Can’t speak for Rumraket, but I sure do not. Press releases about scientific literature are not in their own right scientific literature. What ever trust is due the latter in no way translates to the former.
Not the actual publication presented for our consideration is what this is. What’s your point?
Deep mutational scanning does not use AI. Indeed the brief description given - “In deep mutational scanning, scientists create many mutations in a gene or region of the genome and then measure how those changes affect the organism” should have told you that.
So we can add the English language to phenotypic traits, and the difference between theory and simulation on one hand, and empirical evidence on the other, as things Paul doesn’t understand.
The article indicates that the environment “may” change, not that it will. It does not mean that “evolution is impossible”, it merely means that, in an uncertain world (and thus uncertain environment), its effects are never completely certain.
It may rain tomorrow – but that doesn’t mean that I can never get my washing dry.
For other proteins with complex functions (e.g. signaling proteins), large-scale mutagenesis data will need to be combined with an integrative computational model.
Yeah, I’m still getting the strong impression this is talking about AI.

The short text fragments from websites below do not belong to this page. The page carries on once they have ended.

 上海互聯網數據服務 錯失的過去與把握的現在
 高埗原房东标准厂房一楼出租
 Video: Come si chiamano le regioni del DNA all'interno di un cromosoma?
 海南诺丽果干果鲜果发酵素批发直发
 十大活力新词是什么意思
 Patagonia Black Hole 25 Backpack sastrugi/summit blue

Either the science writer is lying about what is in the paper, or somewhere in the paper they make the ridiculous claim that 99% of amino acid substitutions are beneficial.

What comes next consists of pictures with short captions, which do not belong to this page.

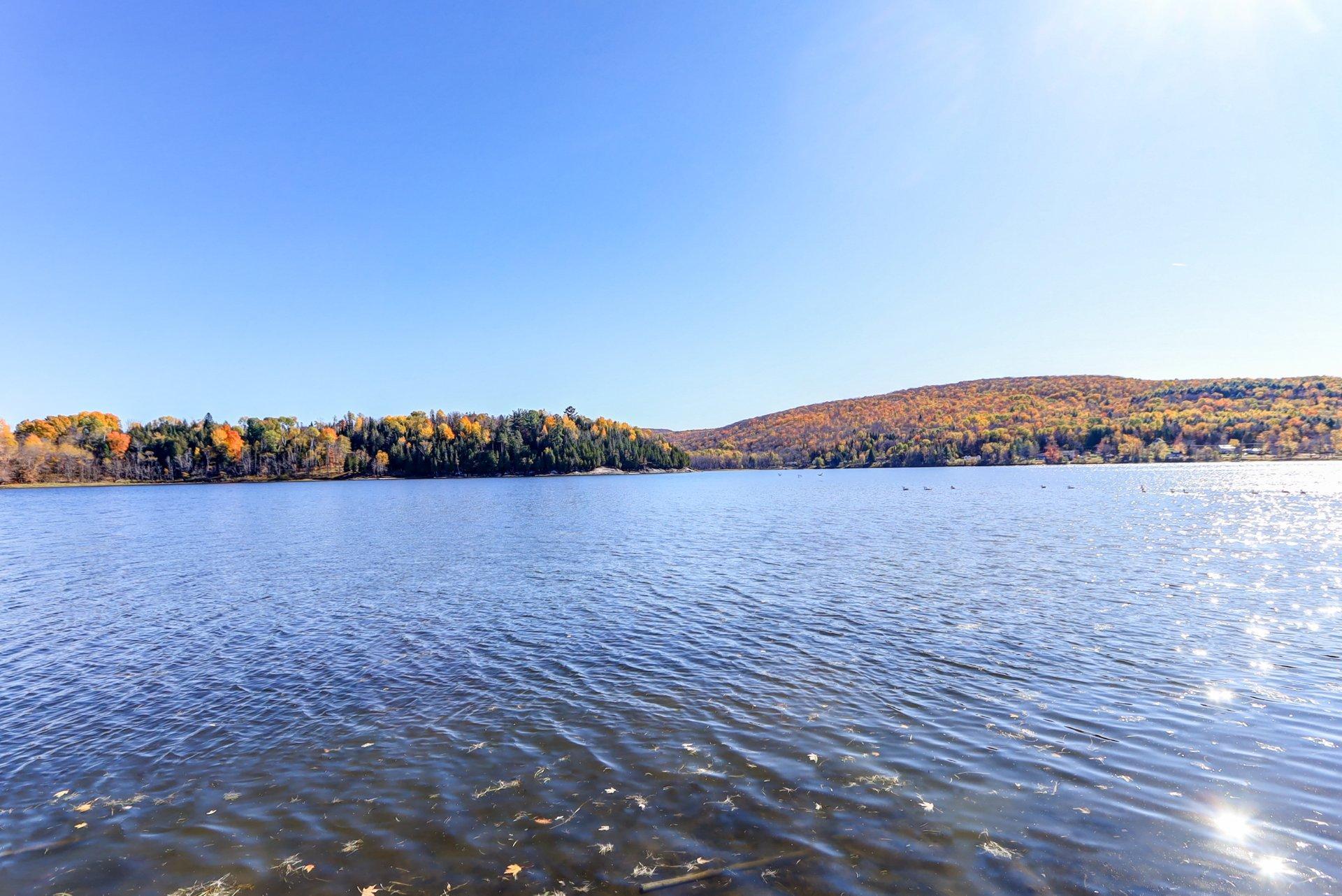 









242


Route du Lac-Rond N.

,
Montcalm,




QC
J0T2V0

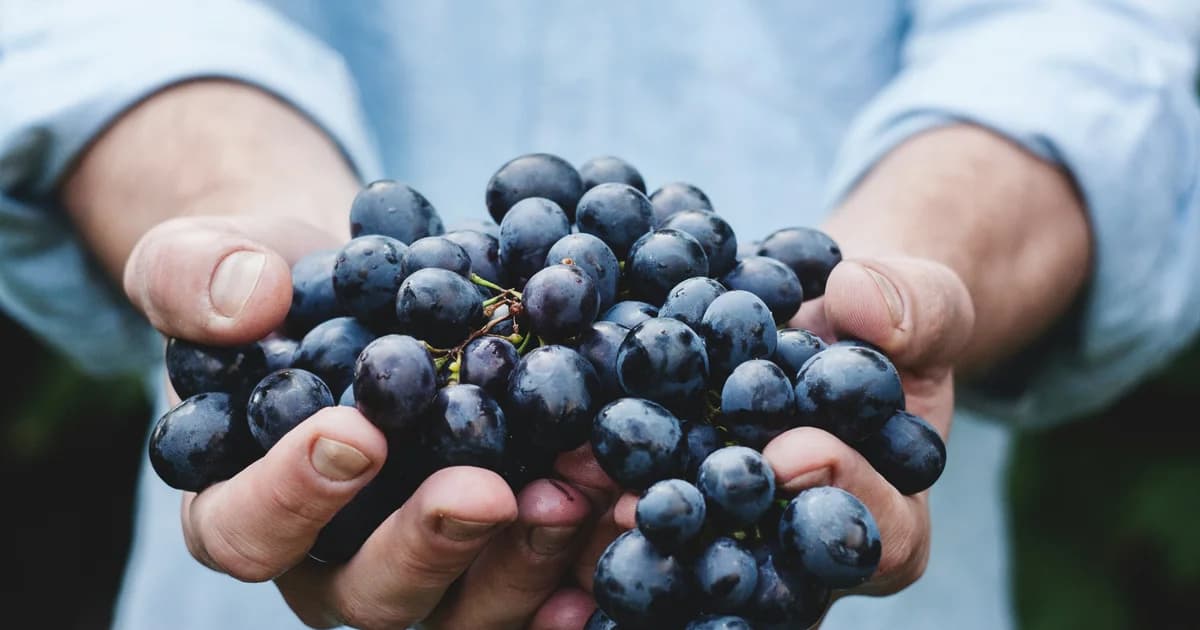 Grappe de raisin pour la boisson d'effort maison au raisin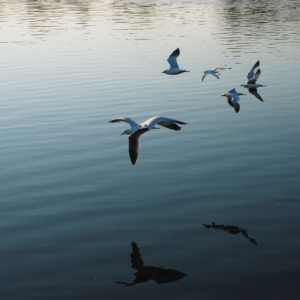 birds image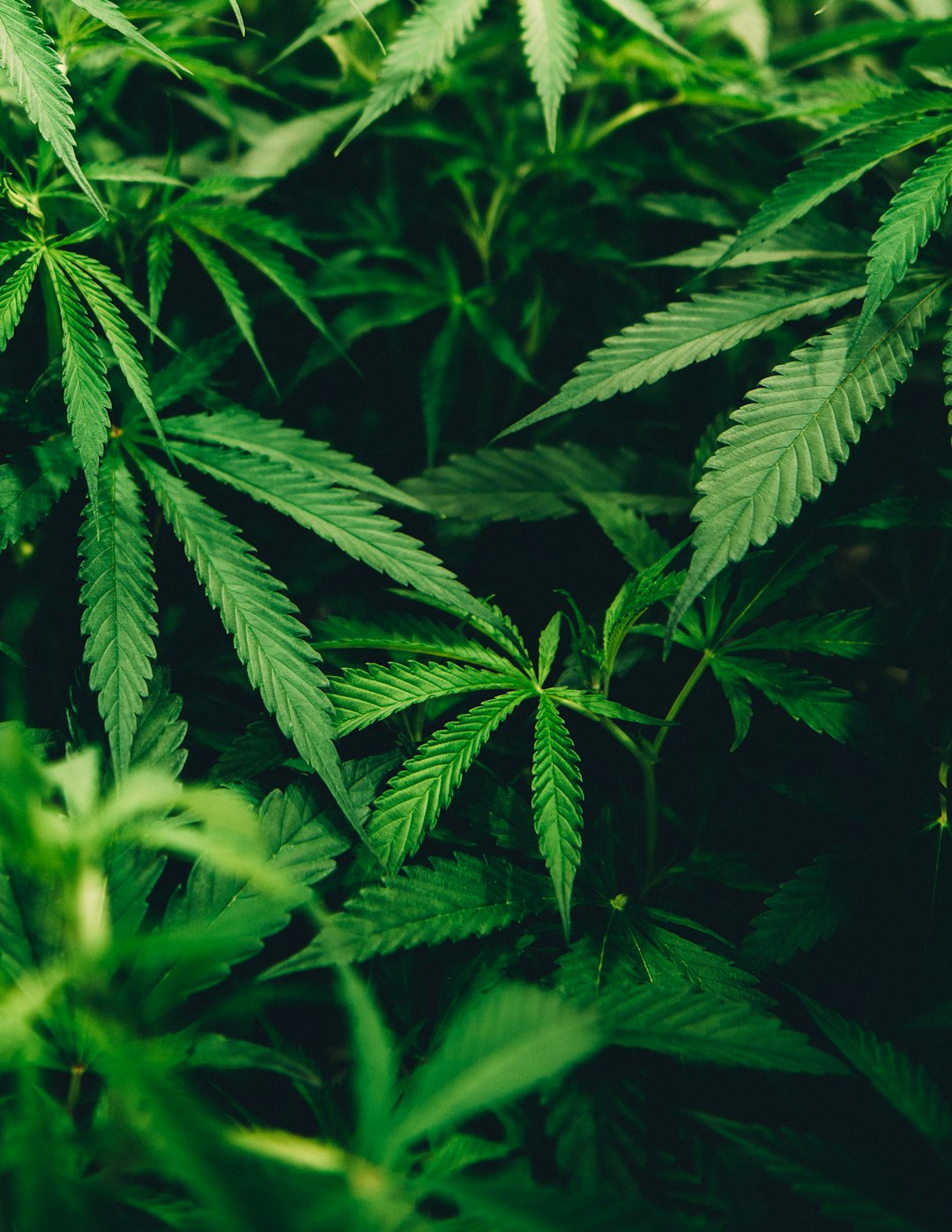 The Netherlands’ Prohibition on Cannabis Sales to Tourists (image credits: unsplash)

Not only “not the actual publication”, but a fragment deceptively quoted out of context.
Here is what the writer actually said:
They found that more than 1% of the amino acid changing mutations they examined were beneficial. That may sound small, but in evolutionary theory it is enormous. If that many mutations are helpful, the team calculated that more than 99% of amino acid substitutions should be adaptive. Gene evolution should also happen much faster than scientists actually observe in nature.
That mismatch forced the researchers to rethink one of their assumptions. The problem, they concluded, may be that environments do not stay still.

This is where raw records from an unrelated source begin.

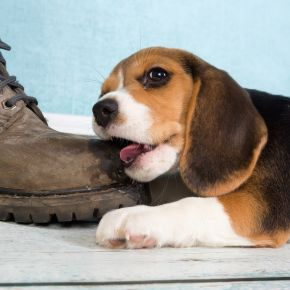 Molesey Vets’ Nurses Answer: Why Dogs Chew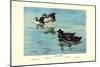 Surf Scoter Ducks-Allan Brooks-Mounted Art Print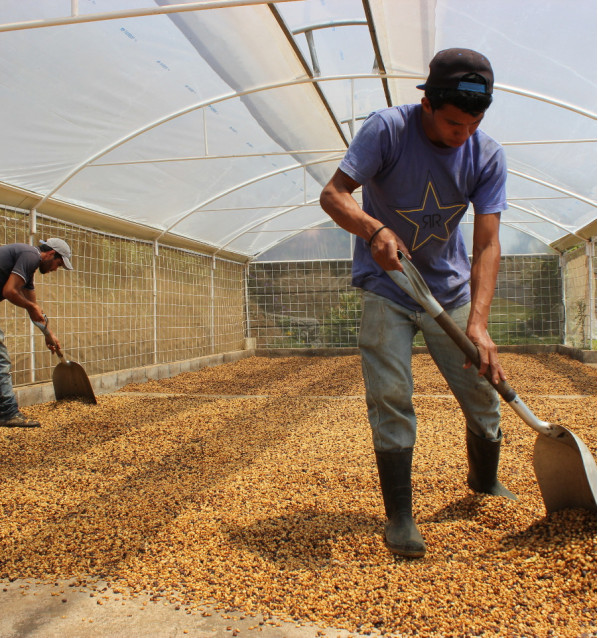 Costa Rica - Las Lajas (filtro)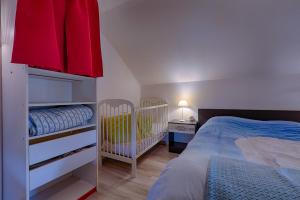 Appartements La Salamandre : photos des chambres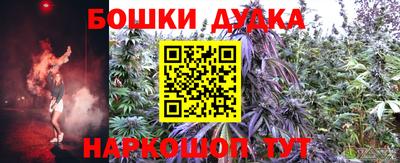 прущие грибы Комсомольск-на-Амуре
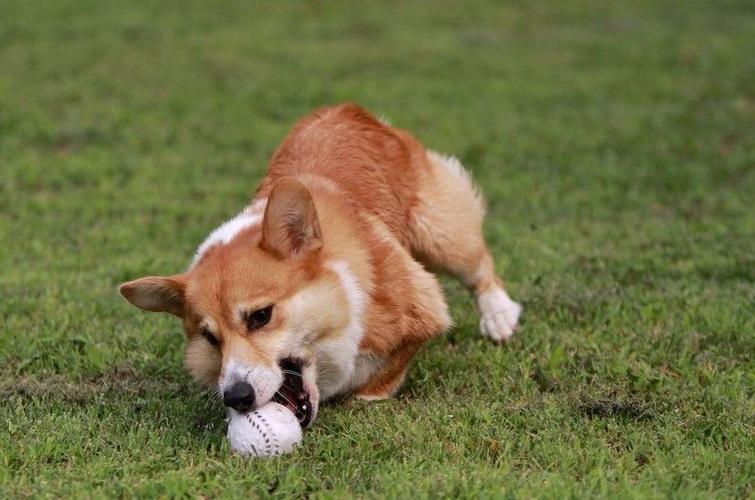 狗怎么训练他胆子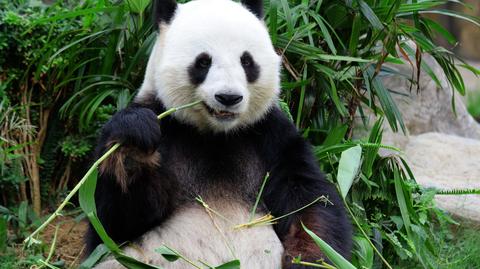 Słynna panda Tuan Tuan. Wideo archiwalne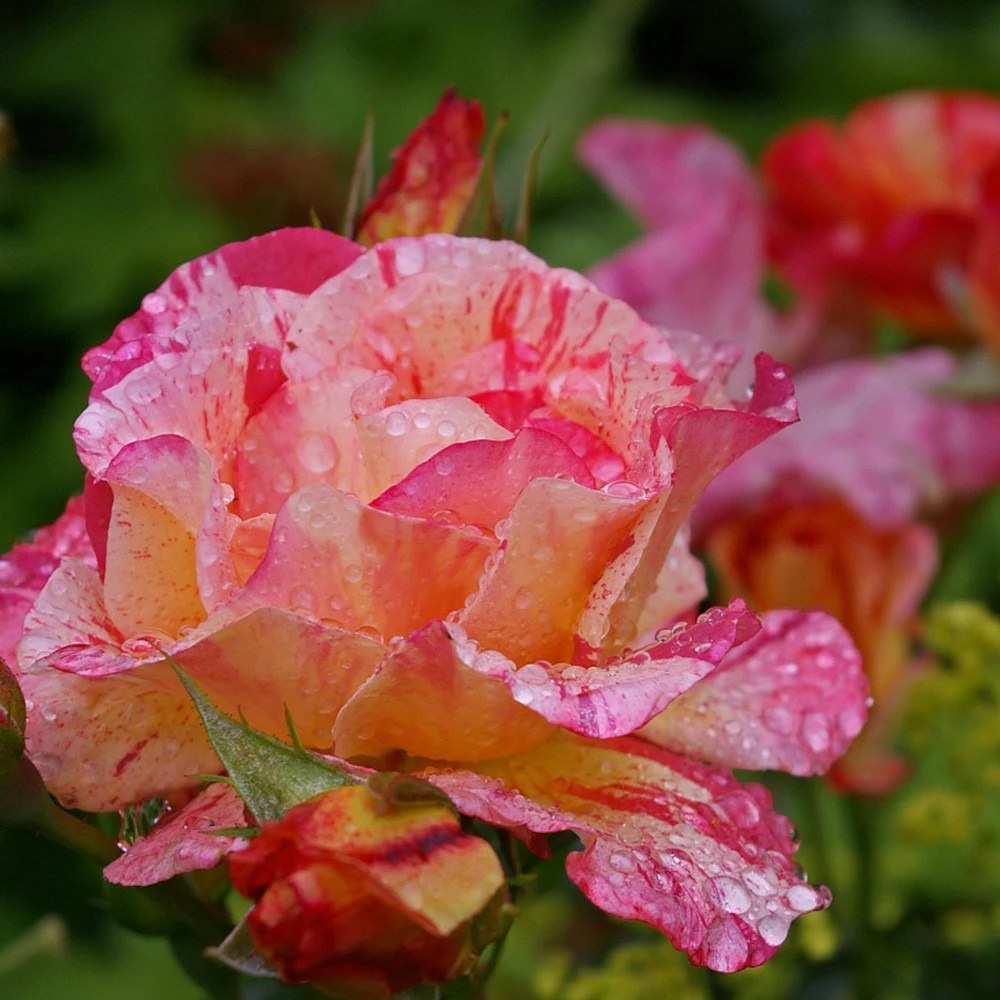 Rosier grimpant vanille fraise® 'lapvanil' pot de 5l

Did you notice that the paper dates from 2014? Or that the statement you quote applies to only some proteins? Did you bother to check if the computational tools actually mentioned in the paper are AI? Noting that they will - naturally - be older than the paper?
The explosion in machine learning is relatively new - and of course the 2014 date is the most relevant to the method itself. Skimming things, looking for excuses to jump to convenient conclusions is no way to get to the truth.
You guys are not trying to get to the truth, that much is obvious. Looking for convenient ways to make rhetorical attacks on me and anyone that would dare to question evolution – that’s no way to get to the truth either.
Suffice it to say I don’t think mainstream population genetics needs to fear this paper is going to be overturning neutral theory any time soon, but maybe ICR would get a kick out of this seemingly affirming their CET model, but then claiming the environment changes so quickly that it basically cannot be tracked.
It’s funny when you apply critical thinking to these kinds of pseudoscientific claims. At the same time we are supposed to believe that environments are so ridiculously active and dynamic that what is beneficial today may be deleterious tomorrow, but at the same time they are so static that we can see millions upon millions of years of almost complete evolutionary stasis. Crazy.
Catching you making obvious errors, indulging in clear misrepresentations and jumping to erroneous conclusions are rather more significant than “mere rhetorical attacks”. And your getting angry when you are caught only compounds the issue.
You were not questioning evolution, though. The genetic entropy argument openly permits that evolution happens, and argues that in such a case life, or at least currently living lineages, must be young.
What’s your objection? Some environments change quickly, some stay the same for long periods of time. Some environments settle after being turbulent, others become very chaotic after a time of relative stasis. Nature doesn’t care how easy or convenient it is for us to describe. It is messy. It is complicated. There is nothing crazy about acknowledging it and trying to model what ever parts we can the best way we can. If anything, it’s crazy to deny the facts as they are merely because no quick little phrase can fully characterize them all.
And on that note I shall remind you again that the age of the earth – you know, the thing you are actually arguing against – is known by studying things far simpler than entire ecospheres. So as interesting as complicated problems are, pointing at how far they are from entirely solved, or how much of an effort it would be to understand what solutions there are to them (much more than would be to just “nuh-uh” at all of it), will do nothing to erase the rather complete answers to much simpler questions that beyond any doubt disprove the conclusion you are building towards.
And it’s worth noting that underpinning all of this is an apologetics arugment. Paul is not arguing in favor of a young Earth because it furthers our understanding of the natural world. It’s simply about reinforcing a particular theistic belief system.